Si aujourd’hui policiers et gendarmes ne semblent plus que le bras armé des gouvernements successifs de moins en moins enclins à écouter, à négocier et à rechercher des compromis, ce ne fut pas toujours le cas. Des fraternisations ont bien eu lieu à plusieurs reprises durant l’histoire de la France. Et elles ont souvent fait basculer le rapport de force avec le pouvoir en place. Entretien avec l’historienne Mathilde Larrère, spécialiste du 19e siècle.

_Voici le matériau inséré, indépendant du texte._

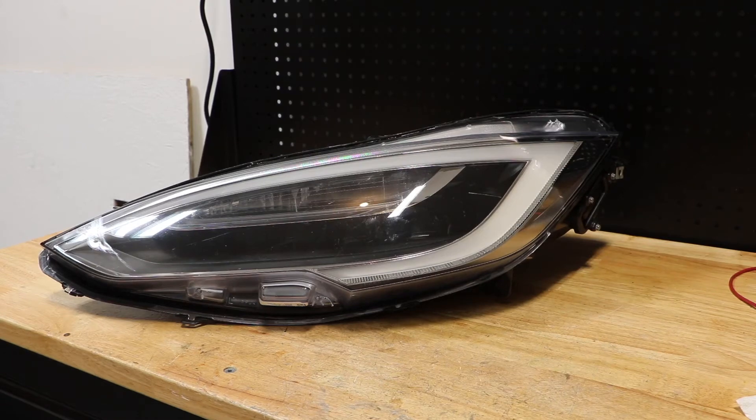In this video, I'm going to show you how to partially test a 2016 and up Tesla Model S facelift LED headlight. I have not been able to figure out how to test all of the features of the headlight yet, but I will show you how to turn it on and test the turning signal.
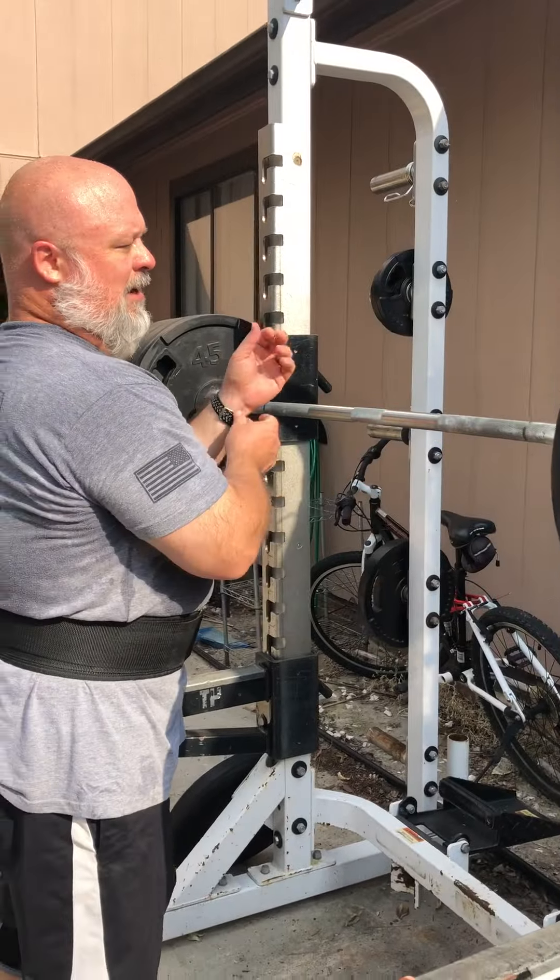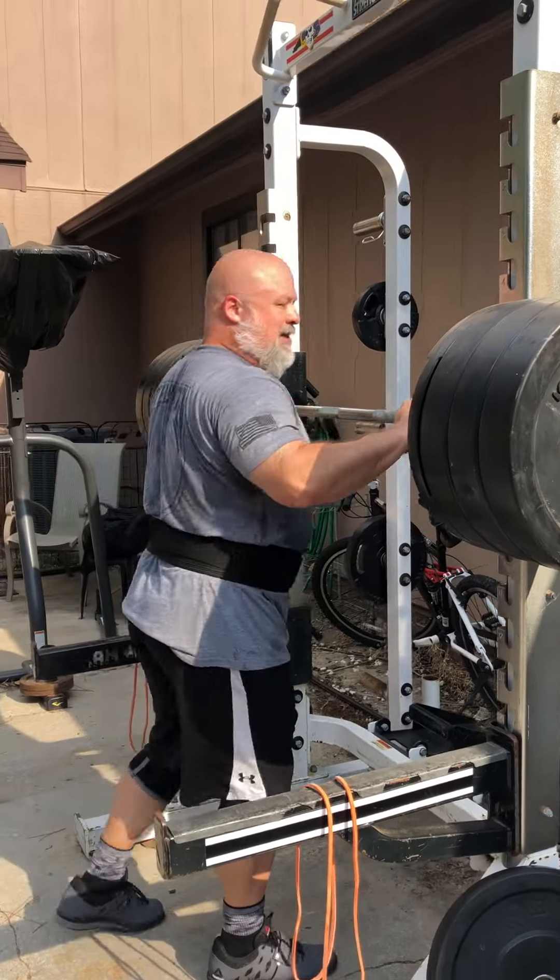You always want to set up and make sure the bar is set up at chest level.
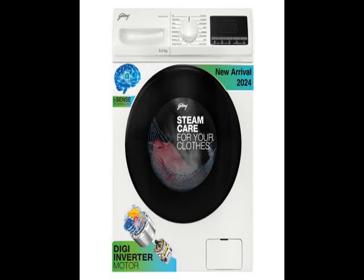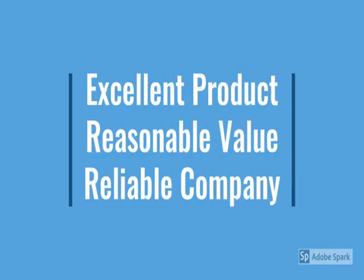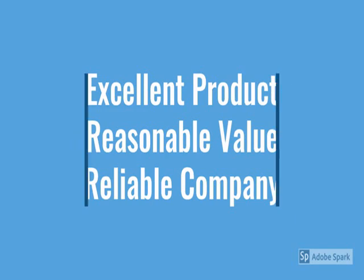Hi friends, this is the latest model — check the model number below in the description. See how the project looks. This is durable, reliable, easy to use, latest design, no maintenance.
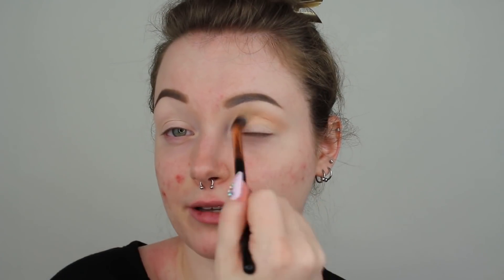Once you have your eyeshadow primer set, the next shade we are going to go into is called Orange Soda. I'm going to be applying it into my crease, into my outer V, and then blending it upwards towards my brow using little circular motions. I'm really building up that color and making sure there isn't much on my brush when I initially apply it.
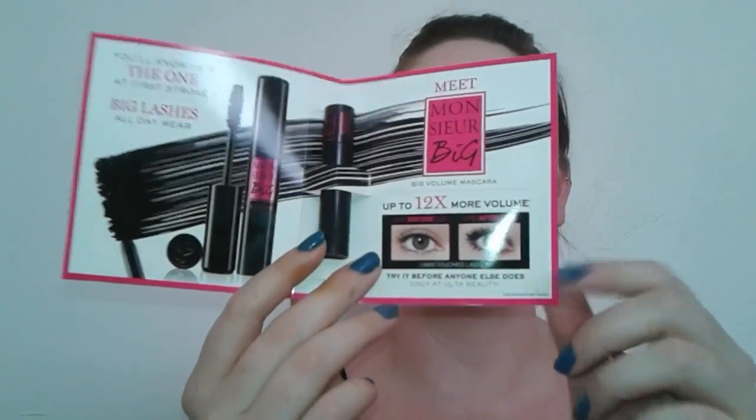Hey everybody, welcome to today's video on the Lancôme Paris Monsieur Big mascara — up to 12 times more volume. I did get this for free as my Ulta birthday gift, but I wanted to do a review and tutorial on it because it is $25 at Ulta. I also know that at Sephora you can go get samples and try it before you buy, so if you have a Sephora in your town I just want to show you guys if it's worth it or not.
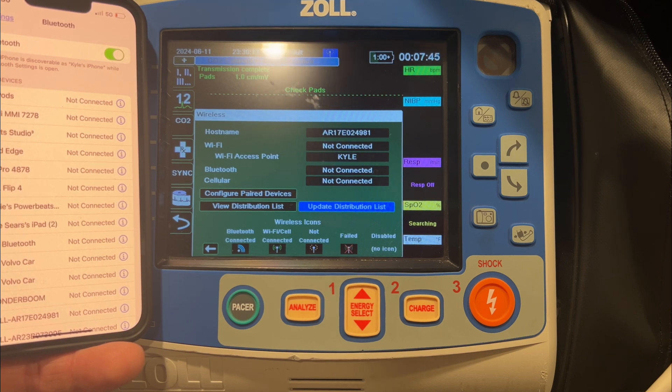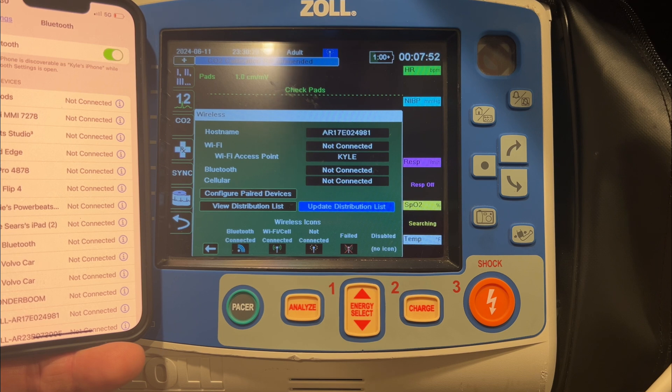The only things you need to be aware of going forward are that Bluetooth is on and that the personal hotspot is on. Neither should get turned off unless somebody physically goes in and turns those features off. This phone will now be permanently paired with this particular monitor and be able to transmit data without any additional setup. Hopefully that helps — please let me know if you have any questions. Thank you.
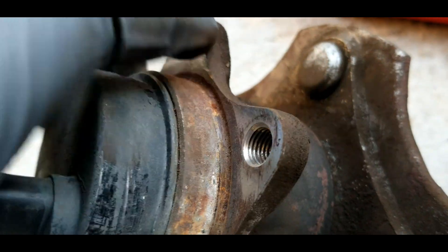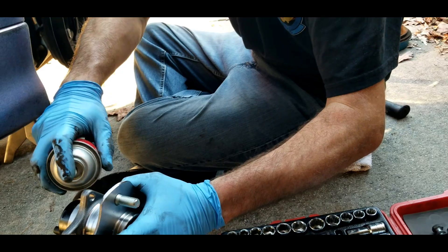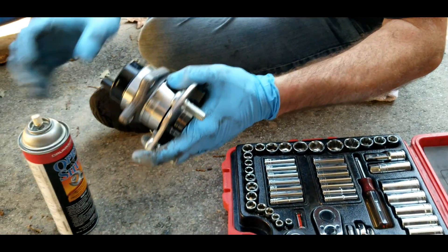Terrible bearing — that would explain a lot. These are 17mm bolts because you have the spacers on here. These aren't the factory bolts, which would explain a lot. So we're gonna move that.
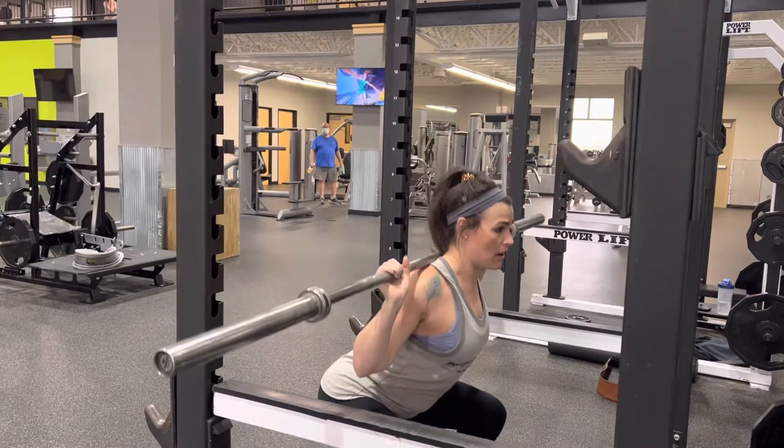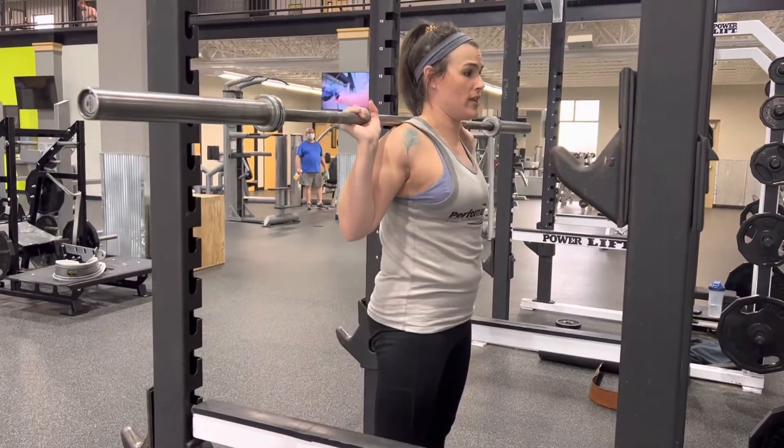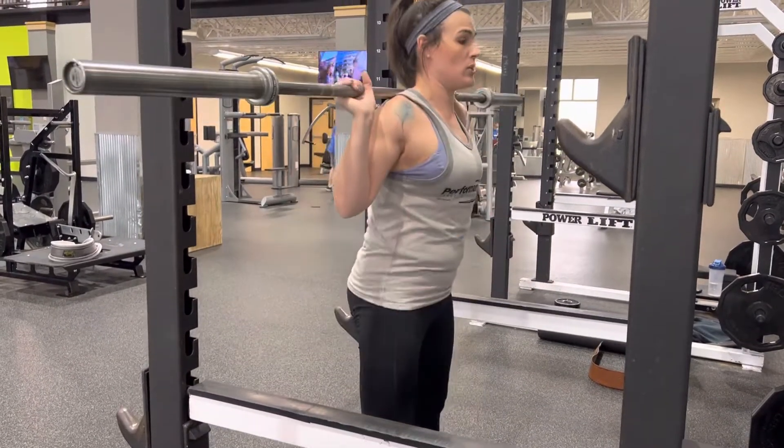Sit back and down in those heels, getting to parallel. And then push through the heels and the outside of your feet to stand up. So again: back, down, and then push through the heels and the side of your foot.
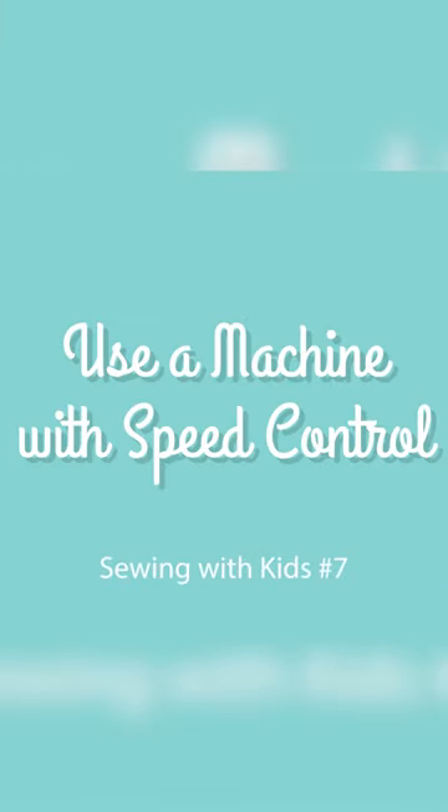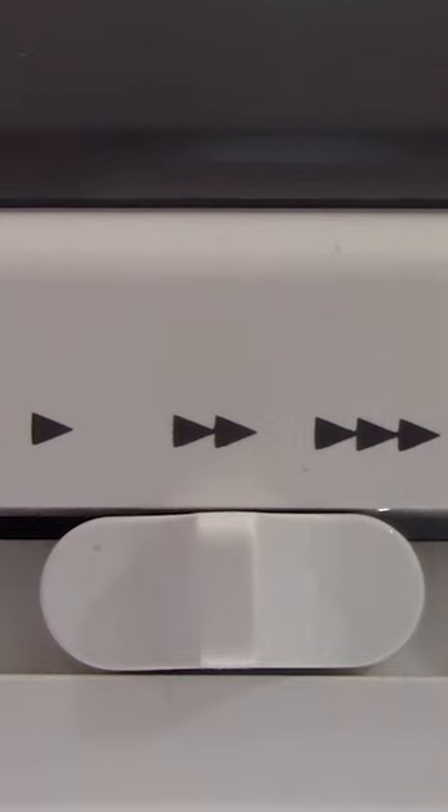My number seven tip for sewing with kids is to use a sewing machine that has a speed control if possible. My machine has this where you can choose a slow, medium, and fast speed.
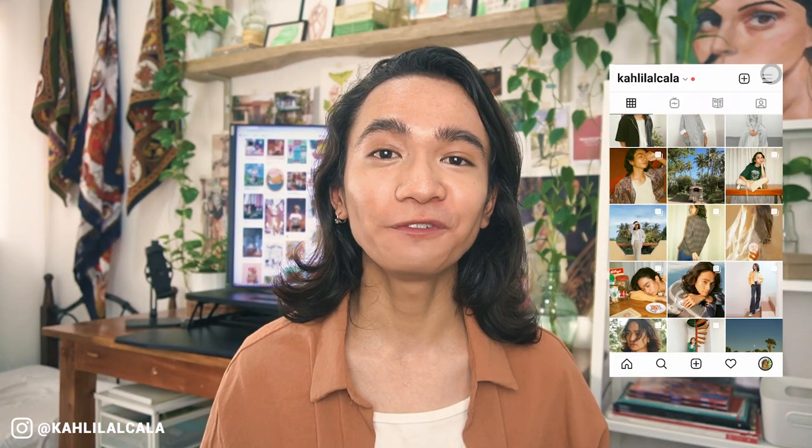Hey everyone, I'm Khalil Alcala and welcome to my channel. It has been over a year now since we all started working from home and studying online, and it made us all realize how important it is to have a workspace that suits our needs and at the same time is affordable and convenient. If you follow me on my other social media accounts, you might have seen that Sands Philippines sent over some of their ergonomic desk accessories and I've been using them for almost a month now. For today's video, I'll be giving you a review and share my thoughts about their products.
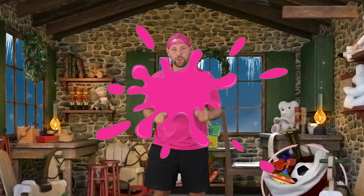G'day guys, Tom here from Grub Lab. Today I'm going to show you how to set up a new Santagram in your venue.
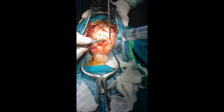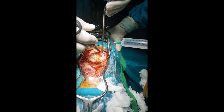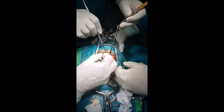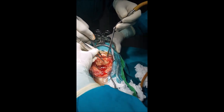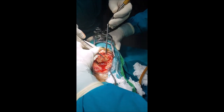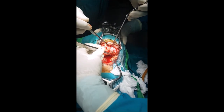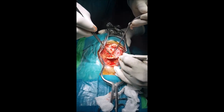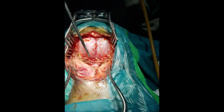We make two burr holes, one on each side just below the transverse sinus and confluence of venous sinuses — that is the torcula — and a wide bone flap is taken out in one piece as shown here in the video, exposing both the cerebellar hemispheres and midline. Dura is opened with the base towards the transverse sinus — that is the craniotomy.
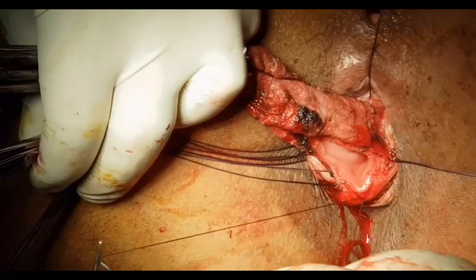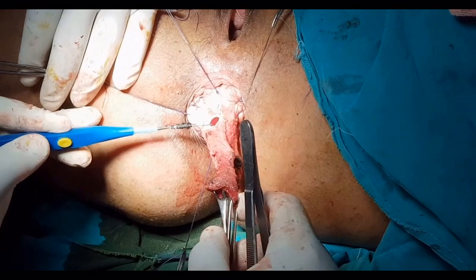The excess mucosa was then excised and an interrupted mucosa-to-mucosa suturing was performed using Vicryl 3-0.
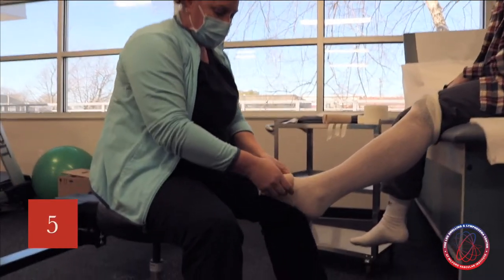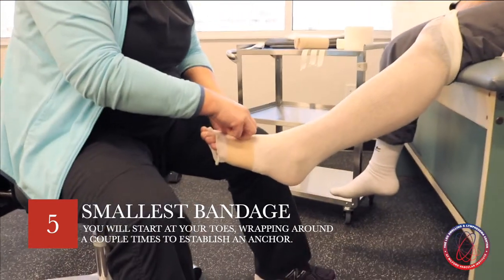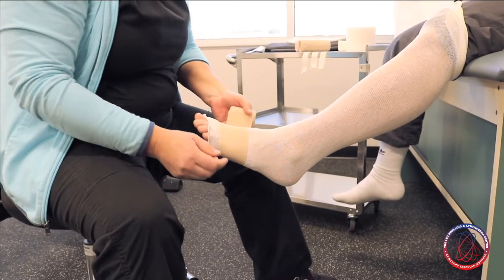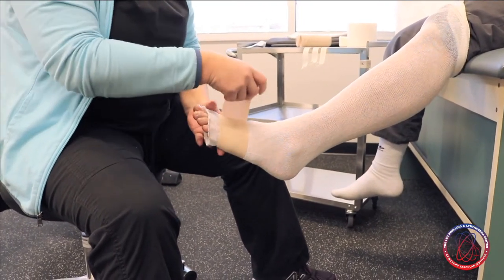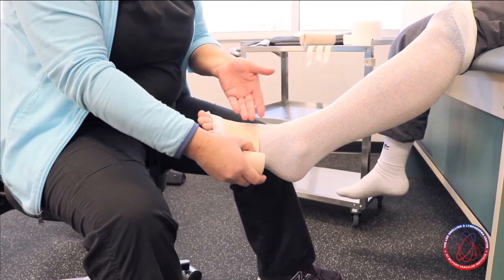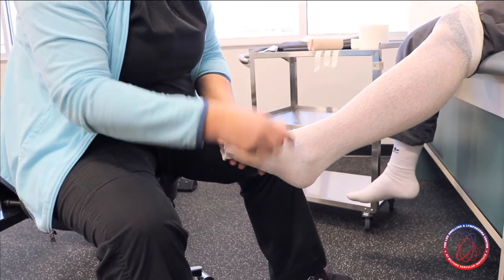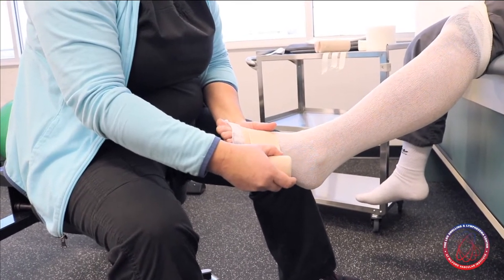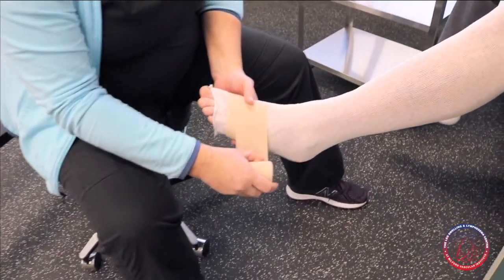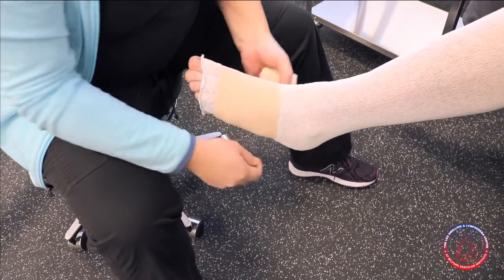Starting with the smallest one first, we're going to begin just at the base of the toes. We're going to wrap around the foot a couple of times to anchor the bandage. I'm not pulling too hard because this is going to overlap multiple times — I don't want to create too much pressure here. Once I've got my anchor in place and start working up the foot and leg, I'm going to pull just a little on the bandage to take the stretch out of it.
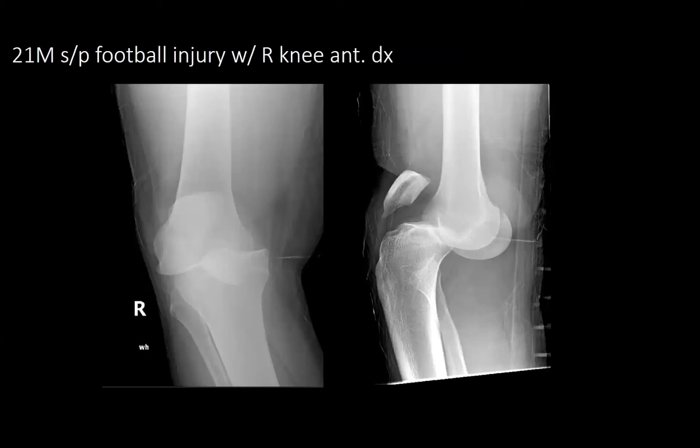Next is a 21-year-old male, status post-football injury. He sustained a right knee anterior dislocation. On initial evaluation, he did have some numbness in the SPN and DPN regions. His ABIs were initially 1.1.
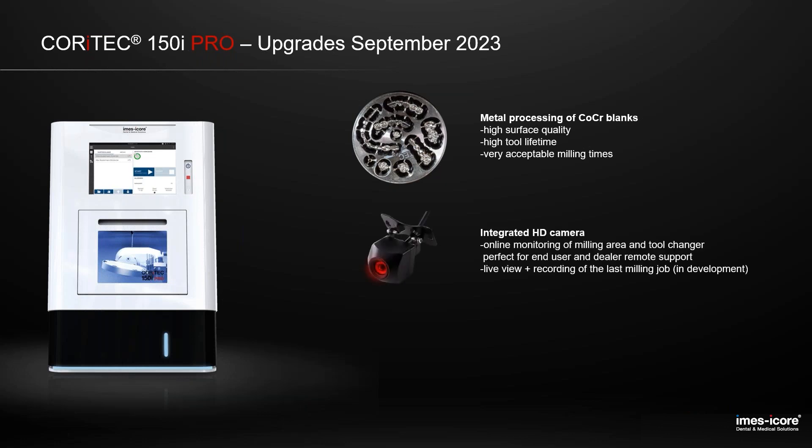We also integrated an HD resolution camera. The customer is able to online monitor the current milling job. For your technical department, it's also possible to do analysis if problems or issues with the machine occur. Right now we have the live view. We are also working on recording the last milling job, so if something happens, you have a complete recorded video and can find out the problem quickly.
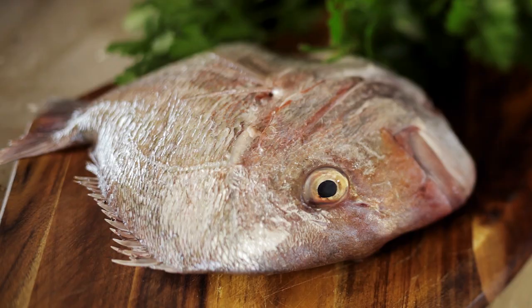I was fortunate enough to go fishing with my kids and my nieces and nephews and we caught a beautiful big snapper.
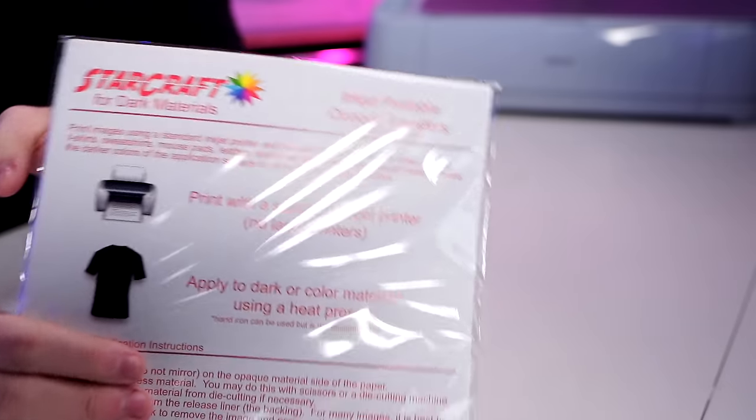I'm Michael, and to make this magic happen, we will first need some printable HTV. To be completely fair, this is not technically a heat transfer vinyl, but it is literally the closest thing you can get to it. This stuff is so freaking good. This is an inkjet printable opaque transfer from Starcraft — the Starcraft version for dark materials. They also have a version for light materials. I prefer the dark material version. I think it's just so much easier to work with, plus you can apply this to any color shirt — white, black, anything in between.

basta! : Que signifie, pour des forces de l’ordre militaires ou policières, fraterniser avec des manifestants ou des émeutiers. Est-ce simplement désobéir à un ordre ?

Mathilde Larrère

Mathilde Larrère est historienne, spécialiste de l’histoire des révolutions françaises du 19e siècle et maître de conférences à l’université de Paris-Est Marne-la-Vallée. Son dernier ouvrage : Le Puy du Faux, enquête sur un parc qui déforme l’histoire (avec Pauline Ducret et Guillaume Lancereau), Les Arènes, 2022.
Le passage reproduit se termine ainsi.